▶ **Work to complete**: In the listing that follows, find the line with "Vremea se schimbă", then copy exactly from it through the line with "324 Rock Springs Dr, Marble Falls, TX 78654", leaving out every picture.

▶ **Input material**:
= = = =

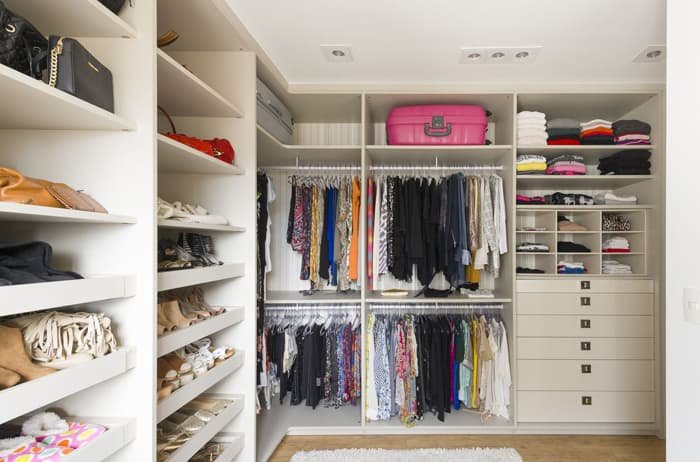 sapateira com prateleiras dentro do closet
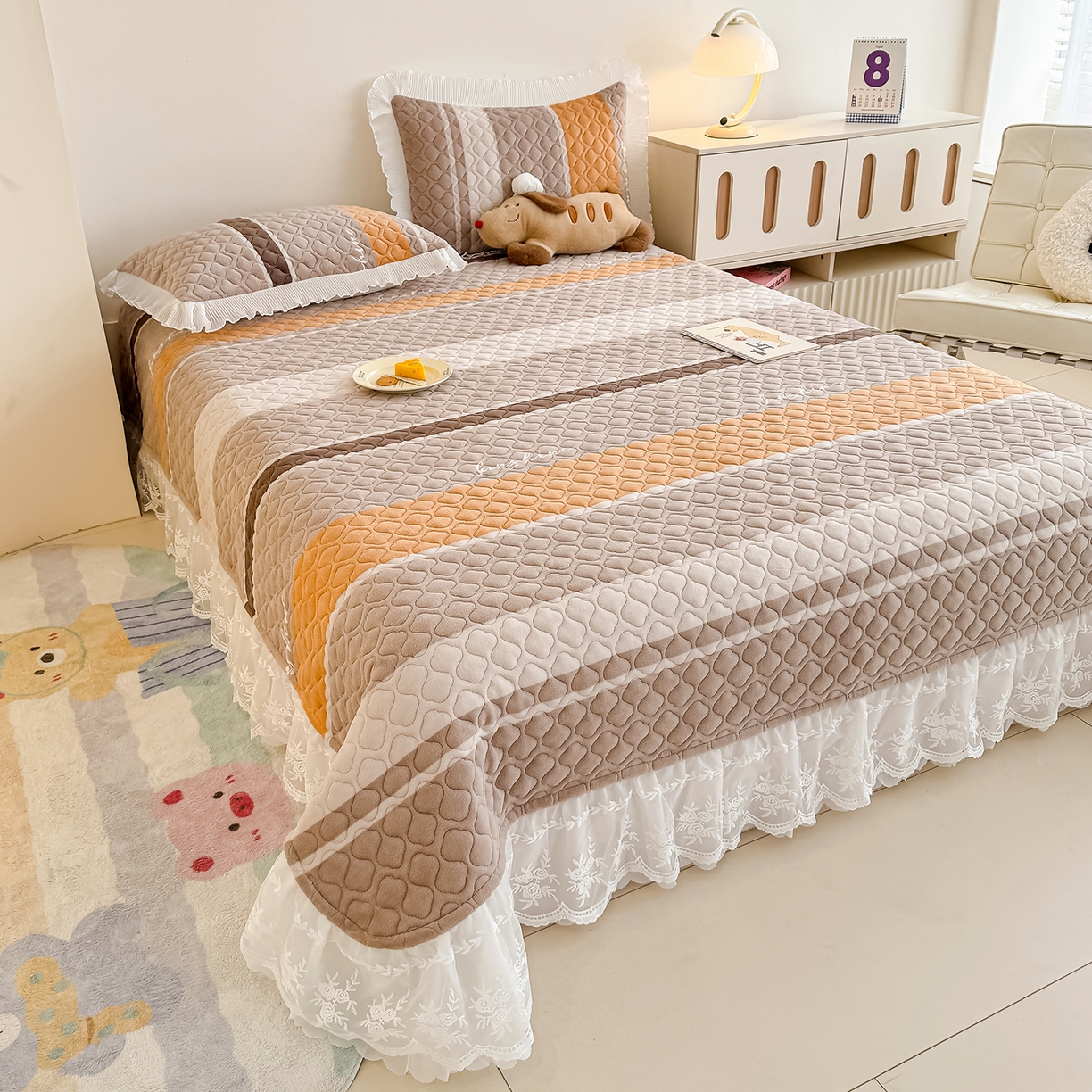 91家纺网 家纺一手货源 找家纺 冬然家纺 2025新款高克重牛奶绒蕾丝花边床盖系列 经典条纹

= = = =

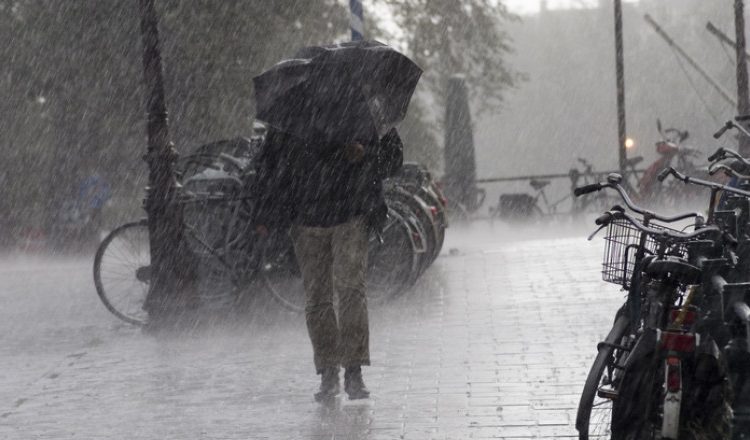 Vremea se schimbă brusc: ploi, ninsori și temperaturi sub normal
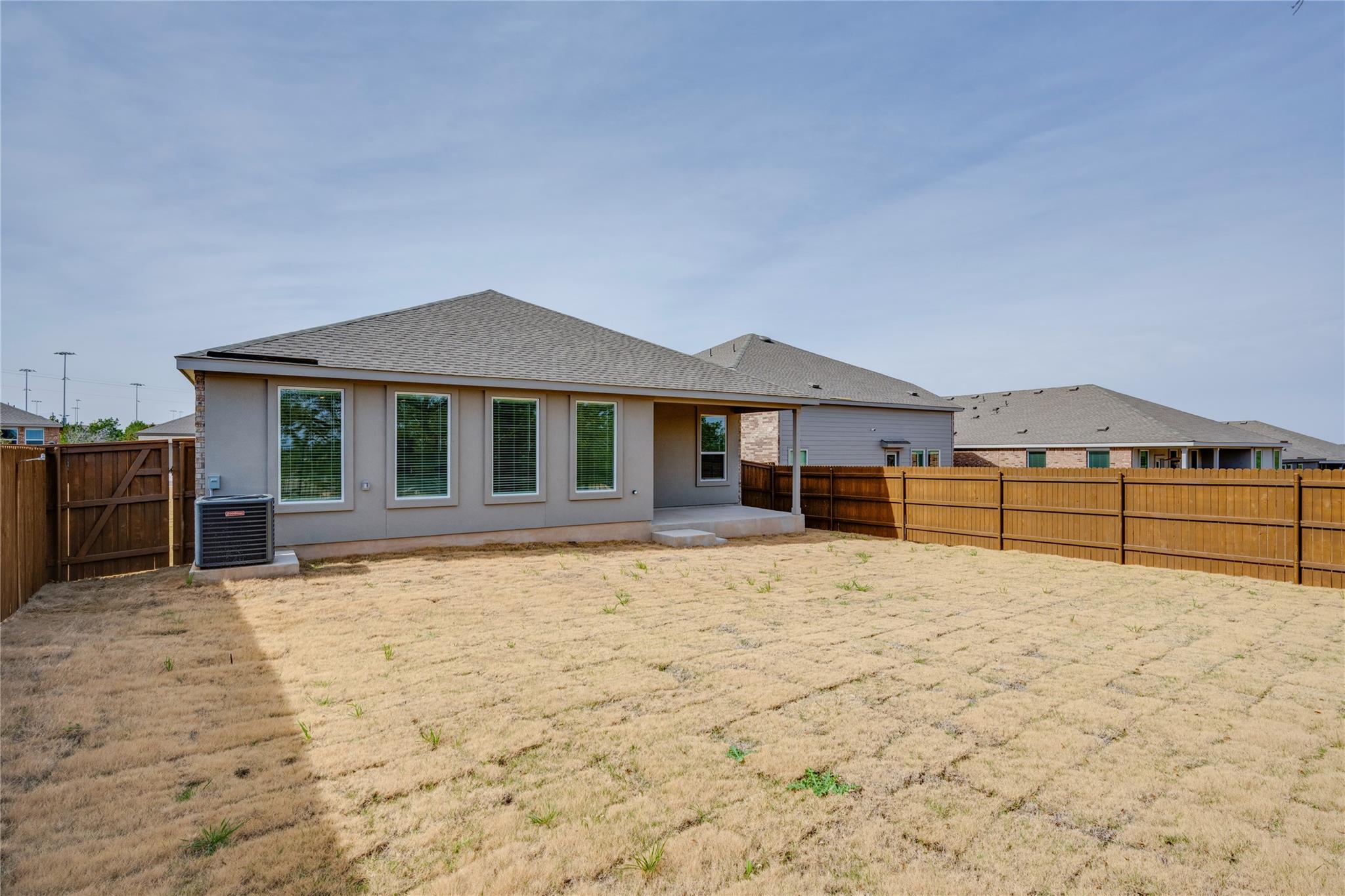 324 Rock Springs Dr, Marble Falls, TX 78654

= = = =

▶ **Solution below**:
 Vremea se schimbă brusc: ploi, ninsori și temperaturi sub normal
 324 Rock Springs Dr, Marble Falls, TX 78654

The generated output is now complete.